You have expectations; you hope that the treatment is going to work or you feel that it doesn't. And so we try and make sure that these comparisons we make are as valid as possible. We also need to make sure that we study enough people.

If I simply have one person on the treatment and one on the control, we know that random variation between people might mean that the person on the treatment does badly, but it's to do with their initial health state and not to do with the treatment. So we need to have enough people that the random variability between people is dealt with.

And we have similar groups as a whole. If we have to deal with rare outcomes, we need much larger numbers. If only one in 100 people are dying, and we're studying death, and we only study 90 people, then we obviously won't see a difference between the treatment and the control.
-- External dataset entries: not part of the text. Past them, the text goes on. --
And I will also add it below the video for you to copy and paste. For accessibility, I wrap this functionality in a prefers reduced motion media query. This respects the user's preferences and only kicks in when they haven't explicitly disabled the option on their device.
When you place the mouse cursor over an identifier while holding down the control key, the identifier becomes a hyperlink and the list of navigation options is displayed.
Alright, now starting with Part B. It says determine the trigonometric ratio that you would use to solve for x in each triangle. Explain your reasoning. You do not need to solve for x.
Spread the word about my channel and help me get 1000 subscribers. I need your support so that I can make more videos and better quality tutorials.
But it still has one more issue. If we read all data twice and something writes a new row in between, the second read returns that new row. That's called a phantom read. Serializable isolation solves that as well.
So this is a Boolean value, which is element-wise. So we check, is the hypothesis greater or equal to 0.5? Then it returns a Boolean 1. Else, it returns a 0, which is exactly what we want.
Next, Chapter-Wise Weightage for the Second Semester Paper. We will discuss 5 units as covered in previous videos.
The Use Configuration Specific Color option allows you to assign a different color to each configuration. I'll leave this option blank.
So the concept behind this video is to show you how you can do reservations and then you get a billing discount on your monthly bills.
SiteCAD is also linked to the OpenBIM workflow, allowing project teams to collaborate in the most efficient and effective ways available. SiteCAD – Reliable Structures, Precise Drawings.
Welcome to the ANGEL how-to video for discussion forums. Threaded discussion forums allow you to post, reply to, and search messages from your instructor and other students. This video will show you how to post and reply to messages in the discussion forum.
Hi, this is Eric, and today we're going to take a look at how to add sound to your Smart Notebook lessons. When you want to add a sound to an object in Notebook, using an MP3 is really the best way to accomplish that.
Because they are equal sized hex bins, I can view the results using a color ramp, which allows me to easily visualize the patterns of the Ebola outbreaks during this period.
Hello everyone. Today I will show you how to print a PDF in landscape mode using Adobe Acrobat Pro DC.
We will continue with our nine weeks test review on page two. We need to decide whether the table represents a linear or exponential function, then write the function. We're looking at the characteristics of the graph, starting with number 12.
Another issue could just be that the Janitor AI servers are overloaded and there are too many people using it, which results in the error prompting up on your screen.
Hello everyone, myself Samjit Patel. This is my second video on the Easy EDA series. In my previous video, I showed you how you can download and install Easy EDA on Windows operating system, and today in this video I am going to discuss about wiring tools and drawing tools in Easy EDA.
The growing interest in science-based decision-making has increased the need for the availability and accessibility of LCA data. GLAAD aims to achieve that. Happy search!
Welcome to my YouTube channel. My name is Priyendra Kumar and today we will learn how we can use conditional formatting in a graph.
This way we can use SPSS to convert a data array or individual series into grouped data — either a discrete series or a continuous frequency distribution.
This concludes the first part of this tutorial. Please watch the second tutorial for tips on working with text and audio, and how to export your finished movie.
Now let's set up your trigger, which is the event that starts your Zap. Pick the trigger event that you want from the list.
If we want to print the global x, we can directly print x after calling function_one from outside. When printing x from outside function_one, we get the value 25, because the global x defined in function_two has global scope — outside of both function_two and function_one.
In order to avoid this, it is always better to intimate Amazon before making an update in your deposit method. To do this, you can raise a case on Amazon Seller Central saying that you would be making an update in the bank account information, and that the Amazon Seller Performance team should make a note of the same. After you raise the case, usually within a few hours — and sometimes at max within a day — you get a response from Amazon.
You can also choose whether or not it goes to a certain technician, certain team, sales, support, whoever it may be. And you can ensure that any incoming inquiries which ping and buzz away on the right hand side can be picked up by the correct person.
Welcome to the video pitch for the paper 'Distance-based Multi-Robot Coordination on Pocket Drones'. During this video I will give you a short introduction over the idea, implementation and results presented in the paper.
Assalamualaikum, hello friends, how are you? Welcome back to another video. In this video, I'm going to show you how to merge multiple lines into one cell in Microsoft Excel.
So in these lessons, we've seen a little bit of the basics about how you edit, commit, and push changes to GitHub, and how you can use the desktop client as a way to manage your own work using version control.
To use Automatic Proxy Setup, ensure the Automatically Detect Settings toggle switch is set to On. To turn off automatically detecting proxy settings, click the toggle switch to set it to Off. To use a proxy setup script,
So we need, when there is only a 1% mortality rate, if we want to have that, we're going to need to study thousands of patients possibly. So we need to have sufficient numbers. We need to have designed the trials properly.

Regarding COVID-19, as you hinted at, we need to be aware that sometimes we are wanting to try out something totally new. In other cases, we can use a medication for which we already have quite a lot of experience. And we know that it works in some other condition.

An example of this is hydroxychloroquine, which has been used for treating malaria and autoimmune diseases. And so we know quite a lot about it. We know the long list of adverse effects that it has.

The idea that the medicine has no adverse effects is unrealistic and simply untrue. I sometimes say to students, I have an aphorism that says, "Every effective medicine has unwanted effects that are usually adverse." In our current situation, we are trying to do all of this process as quickly as we can.